• _YOUR TASK_
Would you give the listing back word for word once its pictures are removed?

• _COLLECTED DATA_
════════════════════

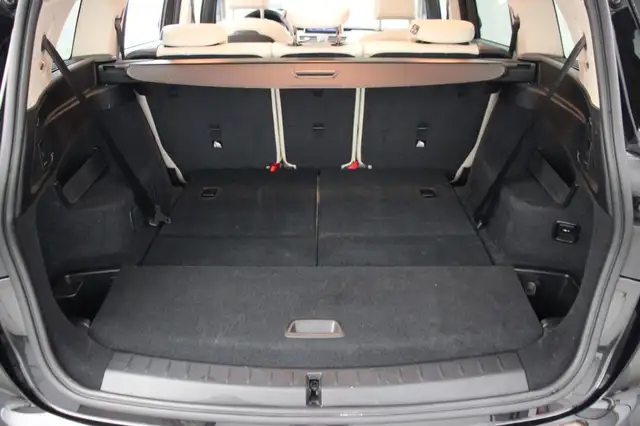 BMW 2 Series view 14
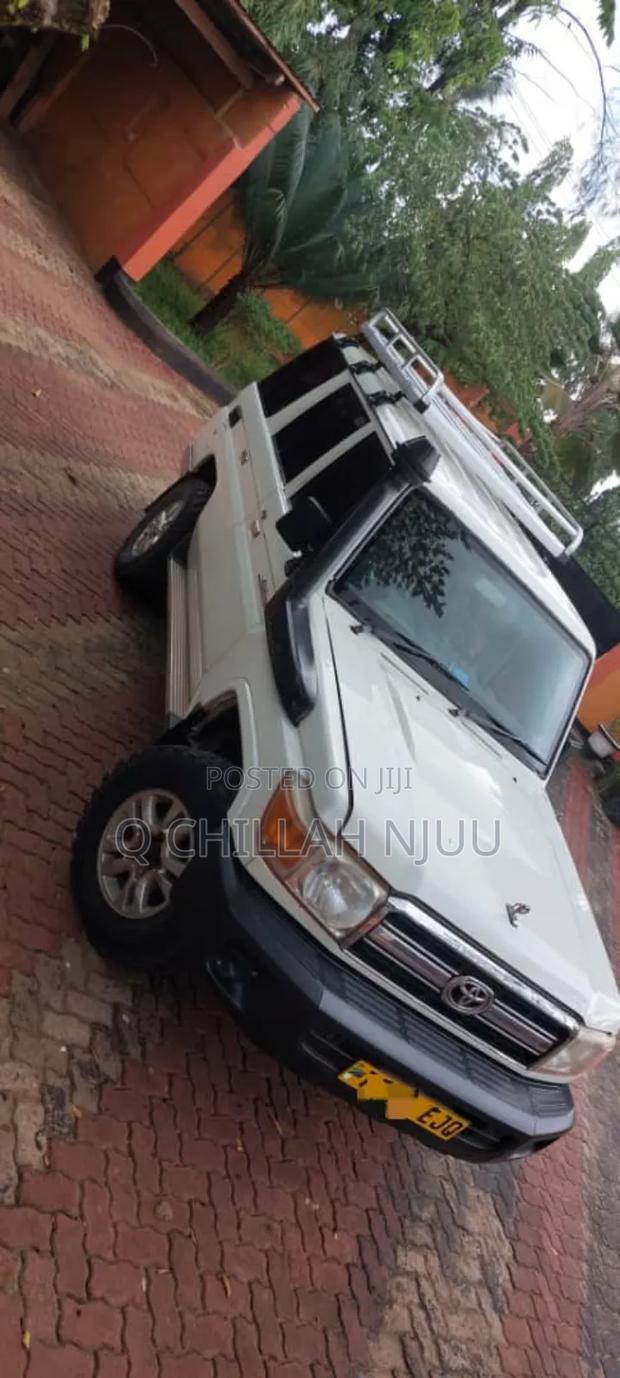 Toyota Land Cruiser 2010 White
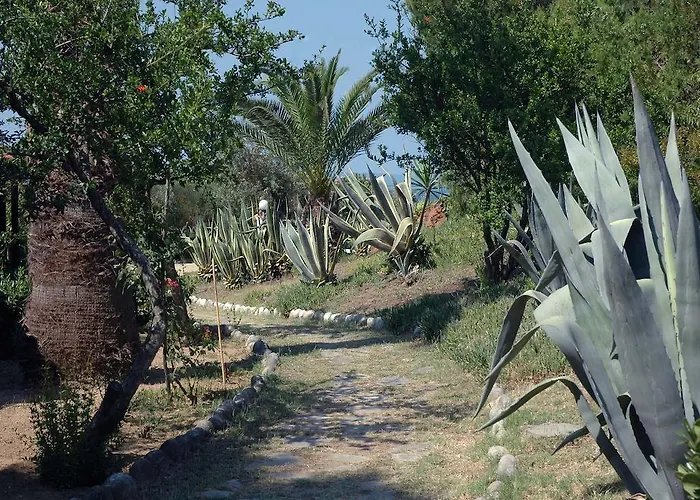 Skites Hotel Bungalows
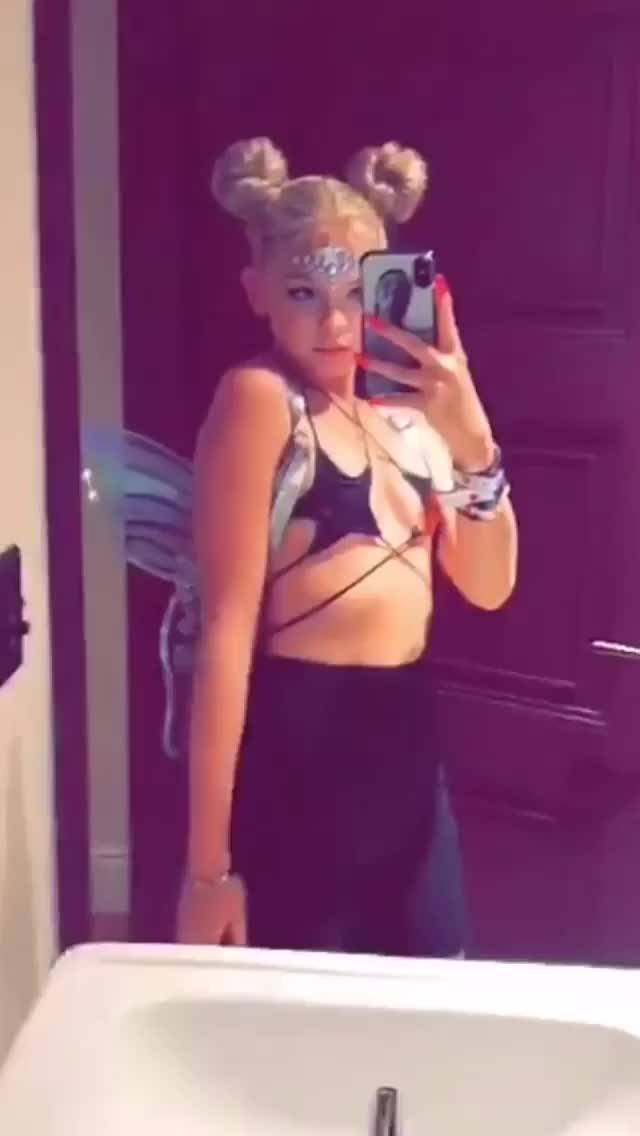 Jordyn Jones - Sexy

════════════════════

• _REPLY TO THE TASK_
 BMW 2 Series view 14
 Toyota Land Cruiser 2010 White
 Skites Hotel Bungalows
 Jordyn Jones - Sexy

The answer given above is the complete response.